The road to having student loans forgiven in a bankruptcy case is certainly not an easy one, which is why so many borrowers forgo pursuing bankruptcy for fear that they will never be able to receive relief from their largest source of stress: their student loan debt. However, all of this could change very soon due to new guidelines issued by the Biden Administration.
In January 2023, the Justice Department updated the required attestation form that borrowers pursuing bankruptcy must complete before being able to seek a bankruptcy discharge of their federal student loan debt. The changes to the form include several modifications, including small changes as to how monthly household income is reported, instructions clarifying when a borrower needs to provide the court with additional information, and new questions looking for information on whether a school closure impacted the borrower’s ability to pay his or her student loans. The changes to guidelines also include more detailed information regarding the borrower’s student loan repayment history, including any consolidations made, deferments, or forbearances.

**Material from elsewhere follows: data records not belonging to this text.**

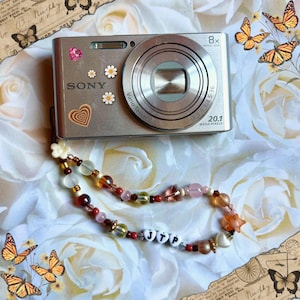 Personalized Beaded Phone Camera Strap, Custom Name Charm Lanyard, Gift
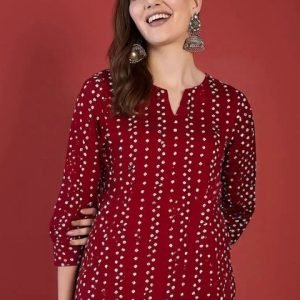 Mira Rustic Notch Neck Polka Dots Printed Kurti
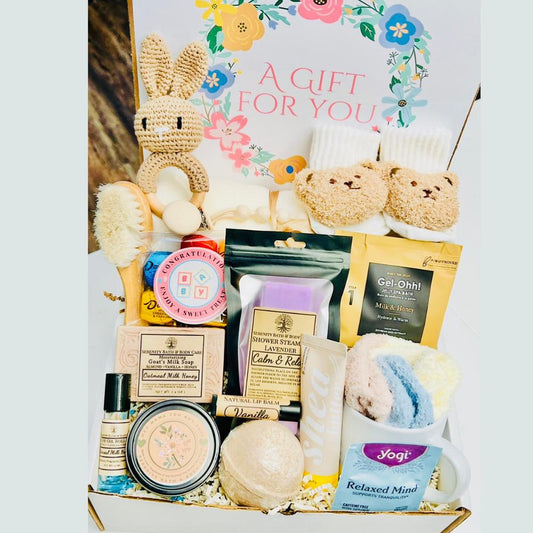 Deluxe New Mom & Baby Gift Box – Pregnancy Self-Care Spa Set for Mom & Baby | Relaxation Gift for Expecting Mothers with Baby Essentials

These changes to the guidelines also include updates that if the borrower is disabled, the disability does not have to be classified as permanent to be a basis for a bankruptcy discharge. Chronic disabilities will also be considered as factors when determining whether to discharge federal student loan debts.
These most recent changes come just after the Department of Justice and Department of Education joined forces to issue new guidance in hopes of simplifying the process and establishing firm standards for borrowers who are seeking to have their federal student loans discharged in bankruptcy. Those guidelines were issued in November 2022. It is hoped that these changes will make sure that borrowers are treated consistently when seeking student loan discharges. They also reduce the burden that has previously been placed on borrowers in these proceedings, in hopes of making it easier to identify situations where a bankruptcy discharge of federal student loan debt is appropriate.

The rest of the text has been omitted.